Alison O’Daniel

Alison O’Daniel talks about Night Sky

Alison O’Daniel, Night Sky, 2011, stills from a color film in HD, 75 minutes.

Alison O’Daniel works across disciplines, combining sculpture, sound, painting, performance, and films with live accompaniment. Her seventy-five minute film Night Sky recently premiered at Anthology Film Archives as part of Performa 11 and the exhibition “Walking Forward-Running Past” at Art in General. The film will screen Sunday, January 29, in Los Angeles as part of Liz Glynn’s Black Box, a performance art festival afterparty for “Pacific Standard Time.”

SOUND IS A CHARACTER IN MY LATEST FILM, which features a story of two girls traveling into the desert. Their car breaks down and they encounter a small portal made out of a Hula-Hoop hovering in the sublime landscape of the desert. When they reach into it, they discover a dance marathon happening on the other side. Other narratives are at play—road movies, buddy films, sci-fi and queer narratives—but the language of the film emerges around the ambiguous relationship between these girls, one of whom is deaf.

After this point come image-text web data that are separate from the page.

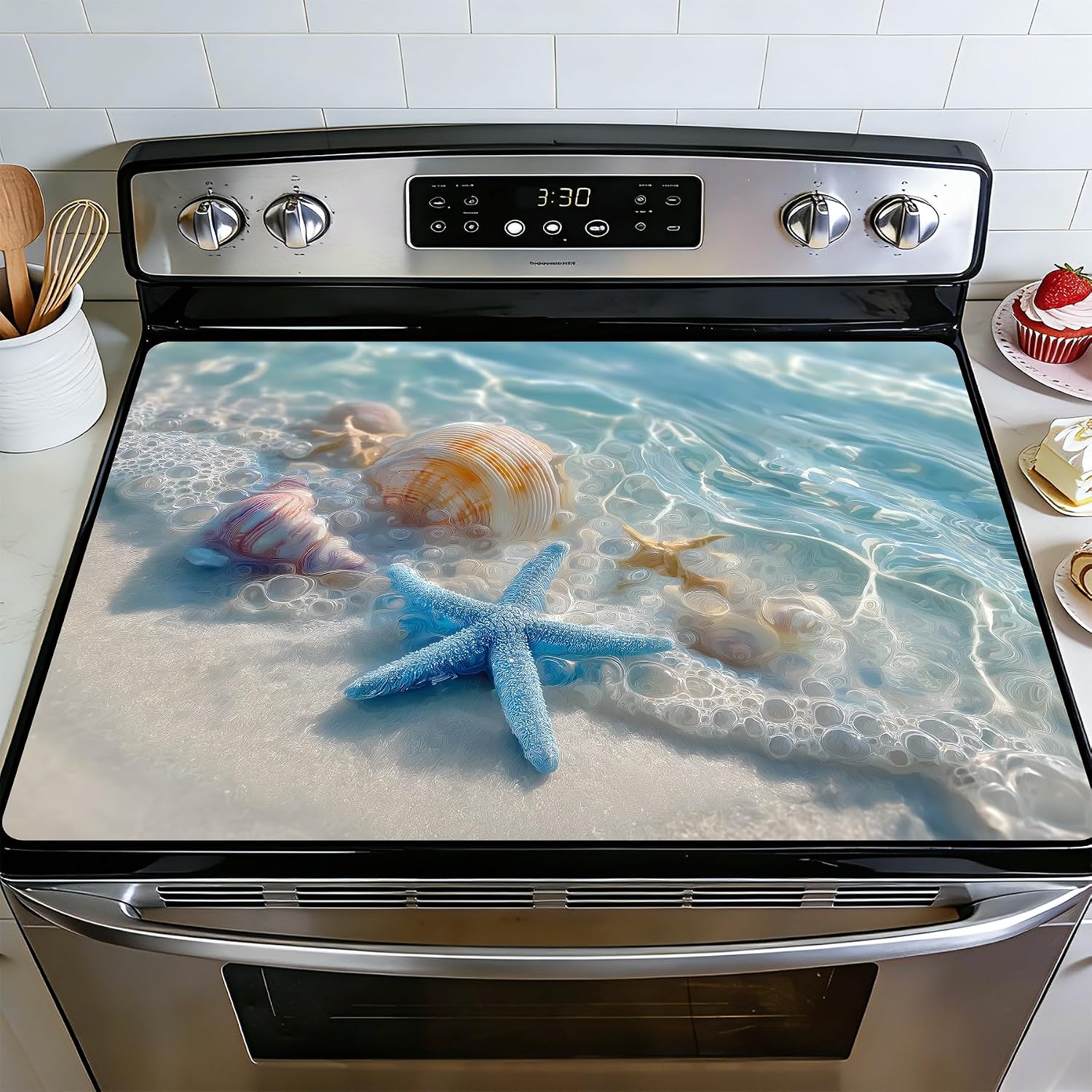 Detalle de BVBOX Electric Stove Top Cover Mat, 28.5 x 20.5 in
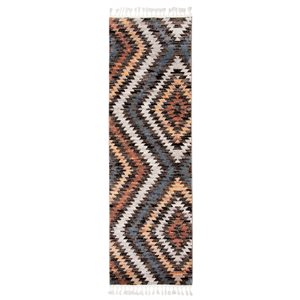 Tapis de passage d'intérieur Kybella Sun 2pi 7po x 8pi 4po rectangulaire taupe par ECARPET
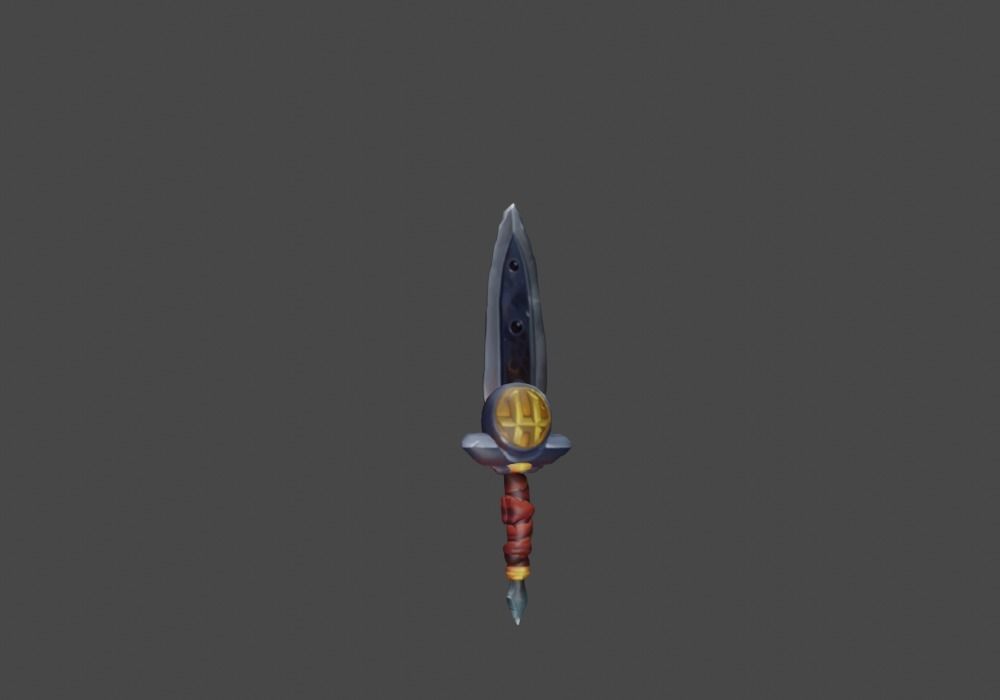 Zeloeman Sword A 32 Low-poly 3D model_6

The film is full of synaesthetic experiences of sound where, for example, a light flashes in the desert and is transferred through the sound of bells or water. There are also elements where sound either breaks down or emerges in strange phenomenological ways in a sort of reimagining of what sound is. For instance, a dance marathon features the Los Angeles–based duo Lucky Dragons, who often make music by having their audience members touch cords they’ve engineered. I wanted to work with Lucky Dragons as their work addresses the relationship of the body to making sound. In the film, their speakers break down, forcing the dance marathon contestants to continue dancing––but in silence. As they dance, the girls’ car simultaneously breaks down in the desert.

I started out with the goal of making a film that was accessible in different ways to both a hearing audience and a deaf audience. I had particular ideas about who should be included in the cast and crew, which are made up of both deaf and hearing individuals, as well as performance artists, such as the filmmaker Cauleen Smith and Joanne Karl, who runs the Integratron, a sound chamber–meditation space in Joshua Tree, which is also the main location in the film. Due to the combination of people with different abilities and backgrounds all working together, a lot of interesting elements emerged. When working with an interpreter to write the score in sign language, we were considerate of what it means to explain music to a deaf person. We didn’t want to just describe, “Oh this is a synthesizer, and this is what a synthesizer does.” Instead, through metaphor, we aimed to describe the relationships between emotions, physics, instrumentation, the body, and even sound design.

When I screen the film I like to have two versions of live accompaniment. One is a pretty standard live music score performed either by the composer, Ethan Frederick Greene, or by local musicians. The other version is a retooling of that score through sign language. As the hearing audience encounters an unknown language representing music, their relationship to the score is disabled. Instead of listening, they’re able to watch the score unfold through choreography and movement. Simultaneously, the deaf audience is given an unusual amount of access to the score through an abstracted, poetic description of music.

It’s important to note that I am partially deaf, wear hearing aids, and lip-read. I occupy this strange in-between space. I grew up in the hearing world, but have always found myself just slightly outside of understanding what is going on; as a child, this caused a sense of wonder that has continually evolved. Not having access to everything creates a space for transcendence, and out of that a language of abstraction can emerge, and sound becomes profound. This sort of approach also extends into the material I work with. My background is in materials and performance—I was a figure skater and studied fibers as an undergrad—and I have a very tactile and physical relationship to the score itself. When I start writing or creating a narrative, I always start with a list of elements that I want to be in the film. Then I play a game of connecting the dots between these things, writing scores based on chance operations, almost like an exquisite corpse game. In some ways I’m creating a map to follow.